--- Instructions to follow ---
Would you print every entry exactly as it appears?

━━━

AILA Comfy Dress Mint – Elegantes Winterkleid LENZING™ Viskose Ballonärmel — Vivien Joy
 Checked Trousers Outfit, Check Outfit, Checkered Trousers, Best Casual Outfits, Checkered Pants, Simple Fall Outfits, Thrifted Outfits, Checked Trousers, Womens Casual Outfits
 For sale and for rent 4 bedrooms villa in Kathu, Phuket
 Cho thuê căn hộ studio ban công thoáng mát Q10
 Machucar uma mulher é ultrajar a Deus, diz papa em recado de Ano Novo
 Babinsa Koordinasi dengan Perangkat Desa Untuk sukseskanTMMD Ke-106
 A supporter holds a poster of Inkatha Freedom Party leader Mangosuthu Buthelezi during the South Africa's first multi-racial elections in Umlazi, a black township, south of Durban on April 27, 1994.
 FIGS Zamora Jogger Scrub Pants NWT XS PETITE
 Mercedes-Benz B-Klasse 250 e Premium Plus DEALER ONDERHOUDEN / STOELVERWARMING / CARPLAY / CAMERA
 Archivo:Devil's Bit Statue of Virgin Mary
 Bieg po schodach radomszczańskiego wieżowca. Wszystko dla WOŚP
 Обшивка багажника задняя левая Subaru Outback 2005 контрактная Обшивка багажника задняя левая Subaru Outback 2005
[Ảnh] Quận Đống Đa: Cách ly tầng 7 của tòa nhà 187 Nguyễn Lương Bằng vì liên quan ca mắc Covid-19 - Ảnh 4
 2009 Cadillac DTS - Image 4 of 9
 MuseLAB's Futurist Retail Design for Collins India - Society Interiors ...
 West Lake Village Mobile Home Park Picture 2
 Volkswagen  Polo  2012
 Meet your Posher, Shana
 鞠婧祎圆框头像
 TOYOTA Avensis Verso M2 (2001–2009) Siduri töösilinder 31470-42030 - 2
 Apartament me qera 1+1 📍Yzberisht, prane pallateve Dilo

━━━

--- Reply ---
AILA Comfy Dress Mint – Elegantes Winterkleid LENZING™ Viskose Ballonärmel — Vivien Joy
 Checked Trousers Outfit, Check Outfit, Checkered Trousers, Best Casual Outfits, Checkered Pants, Simple Fall Outfits, Thrifted Outfits, Checked Trousers, Womens Casual Outfits
 For sale and for rent 4 bedrooms villa in Kathu, Phuket
 Cho thuê căn hộ studio ban công thoáng mát Q10
 Machucar uma mulher é ultrajar a Deus, diz papa em recado de Ano Novo
 Babinsa Koordinasi dengan Perangkat Desa Untuk sukseskanTMMD Ke-106
 A supporter holds a poster of Inkatha Freedom Party leader Mangosuthu Buthelezi during the South Africa's first multi-racial elections in Umlazi, a black township, south of Durban on April 27, 1994.
 FIGS Zamora Jogger Scrub Pants NWT XS PETITE
 Mercedes-Benz B-Klasse 250 e Premium Plus DEALER ONDERHOUDEN / STOELVERWARMING / CARPLAY / CAMERA
 Archivo:Devil's Bit Statue of Virgin Mary
 Bieg po schodach radomszczańskiego wieżowca. Wszystko dla WOŚP
 Обшивка багажника задняя левая Subaru Outback 2005 контрактная Обшивка багажника задняя левая Subaru Outback 2005
[Ảnh] Quận Đống Đa: Cách ly tầng 7 của tòa nhà 187 Nguyễn Lương Bằng vì liên quan ca mắc Covid-19 - Ảnh 4
 2009 Cadillac DTS - Image 4 of 9
 MuseLAB's Futurist Retail Design for Collins India - Society Interiors ...
 West Lake Village Mobile Home Park Picture 2
 Volkswagen  Polo  2012
 Meet your Posher, Shana
 鞠婧祎圆框头像
 TOYOTA Avensis Verso M2 (2001–2009) Siduri töösilinder 31470-42030 - 2
 Apartament me qera 1+1 📍Yzberisht, prane pallateve Dilo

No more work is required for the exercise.